JPMorgan Chase is taking a new twist on meeting customers “where they are:” A 27-foot trailer at business events across the U.S., offering free one-on-one advice sessions on marketing, business insights and small-business financing.

The trailer, which is called Chase BizMobile, is the latest iteration of the bank’s plans to grow face-to-face connections with business owners, alongside conferences and seminars it’s organized for the last two years. The objective is to connect with clients and prospects who may consider taking taking up service offerings from the bank in the future.

“Our strategy is to have a human presence everywhere we do business,” said Brent Reinhard, chief marketing officer for Chase Business Banking.

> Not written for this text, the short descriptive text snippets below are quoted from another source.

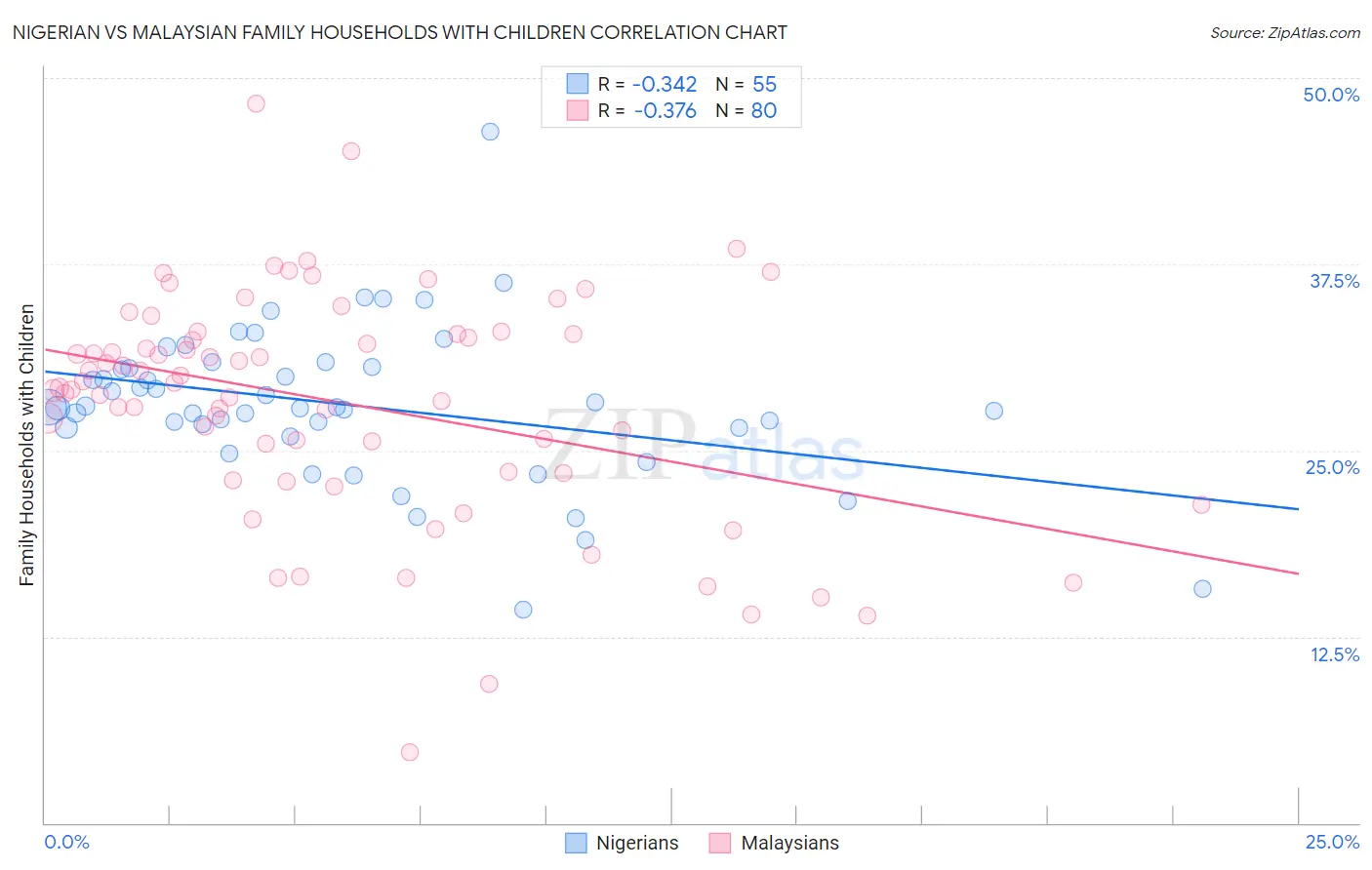 Nigerian vs Malaysian Family Households with Children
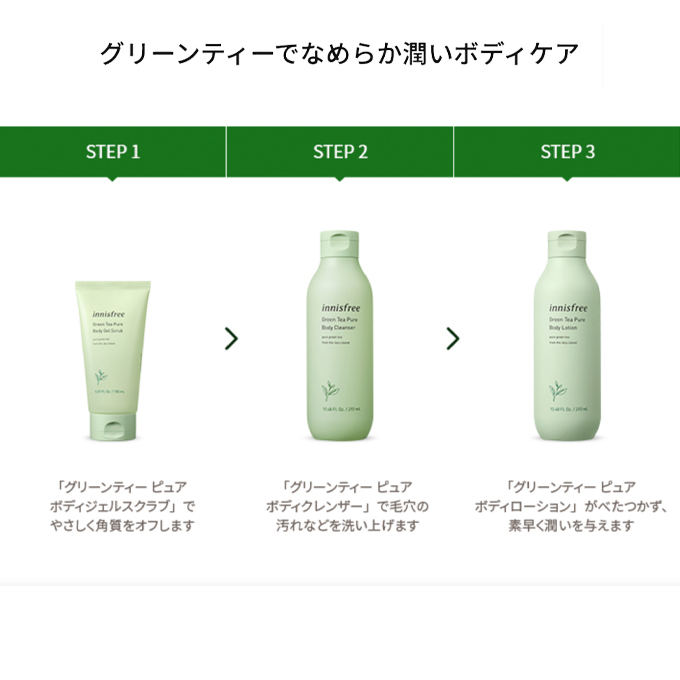 新品未使用 innisfree グリンティーピュアボディーローション 310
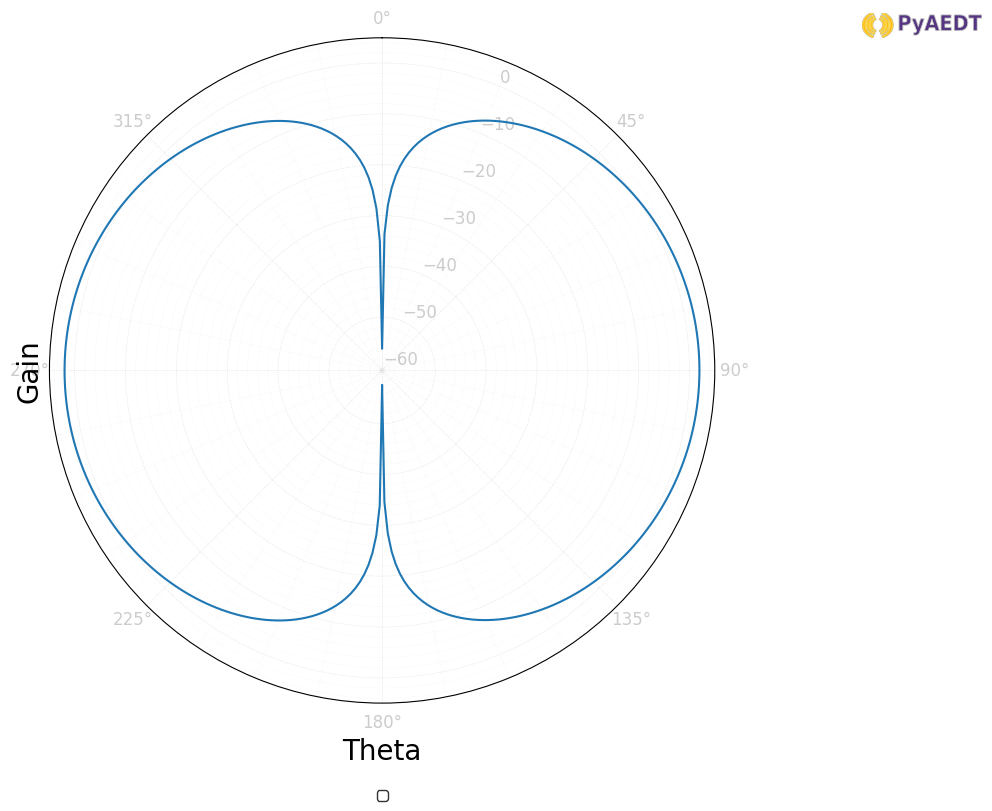 ../../../_images/examples_high_frequency_antenna_dipole_29_4.png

After the recession, large U.S. banks pulled back on most of their small-business lending activities, creating fertile ground for startups like OnDeck and Bond Street to grow market share. But now, banks, including Chase, Wells Fargo, and Bank of America are looking to the small-business market as a growth area, adding pressure on institutions to find new ways to reach customers. Chase has modernized its small-business product tech stack and is using OnDeck’s technology to make the approval process simpler and faster. But in a competitive field of banks offering small-business products and services, face-to-face relationships are big differentiators. Chase is the fourth-largest lender of Small Business Administration loans; as of March 31, 2018, the bank approved 1,307 loans valued at $323 million.

The emphasis on face-to-face connections with business owners is a way to build trust among clients who know they’re entering a long-term relationship with a financial institution. Aite senior analyst David O’Connell said surveys he conducted of small-business owners seeking credit showed that while interest rates and repayment terms were important, relationships also figured prominently among their considerations, including the ability to turn to someone when problems arise.

“Chase is smartly setting itself up as a trusted adviser among its small-business borrowers,” he said. “They want to take advantage of their ability to deliver on that relationship as a way to acquire more customers.”